Saat merayakan ulang tahun pernikahan yang ke-50, seorang nenek membeberkan rahasia pernikahannya yang langgeng dan bahagia. “Di hari pernikahan saya, saya memilih 10 kesalahan suami yang akan saya abaikan,” kata nenek itu. Lalu seorang tamu bertanya apa 10 hal itu, dan dijawab, “Jujur saja, saya tidak pernah menulisnya, tetapi bila suami saya melakukan sesuatu yang membuat saya sangat marah, saya akan berkata pada diri saya sendiri, ‘Beruntunglah dia, itu salah satu dari 10 hal yang saya abaikan.’” Tidak ada manusia yang sempurna, dan bila dua manusia tak sempurna menjadi satu, tentu ada hal yang menjengkelkan bahkan menyakitkan terjadi. Tetapi bila Anda ingin pernikahan Anda langgeng, mengampuni harus menjadi komitmen Anda.

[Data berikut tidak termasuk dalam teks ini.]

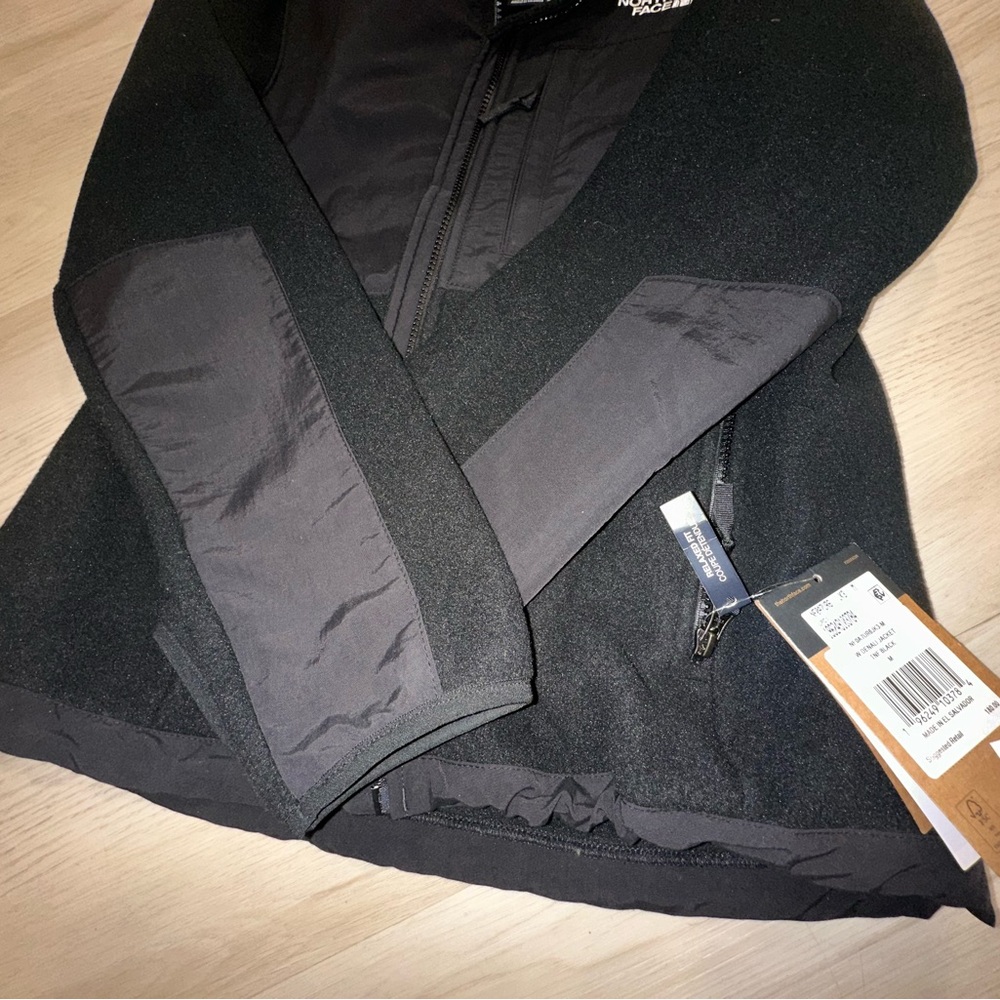 The North Face Women’s Black Denali Jacket - Picture 2 of 7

MENGAMPUNI BUKAN MANUSIAWI, TETAPI ILAHI. Naluri egois manusia ingin membalas, atau paling tidak melihat orang tersebut “kena batunya.” Mengampuni berarti menyerahkan hak untuk membalas dan memperoleh keadilan pada Tuhan, serta meminta kasih-Nya dilimpahkan pada hati kita untuk sanggup mengampuni.
MENGAMPUNI BUKAN PERASAAN. Walaupun hati Anda masih merasa sakit, tetapi Anda tetap bisa mengampuni dan berkata, “Tuhan, aku ampuni orang itu…” Mengampuni adalah sebuah keputusan, bahwa Anda mau melakukan apa yang benar di hadapan Tuhan. Keputusan ini tidak mudah, dan mungkin butuh beberapa waktu lamanya untuk perasaan Anda berubah. Tetapi perasaan akan mengikuti keputusan Anda, bukan sebaliknya, keputusan Anda didasarkan atas perasaan.
MENGAMPUNI BUKAN BERARTI MELUPAKAN. Ingatan yang “disembuhkan” bukanlah ingatan yang “dihapus”, karena kita tidak bisa menghapus masa lalu dan kadang kita masih mengingat kejadian itu. Tetapi, mengampuni adalah mengingat tanpa geram, melainkan dengan penuh belas kasihan dan berfokus pada masa depan.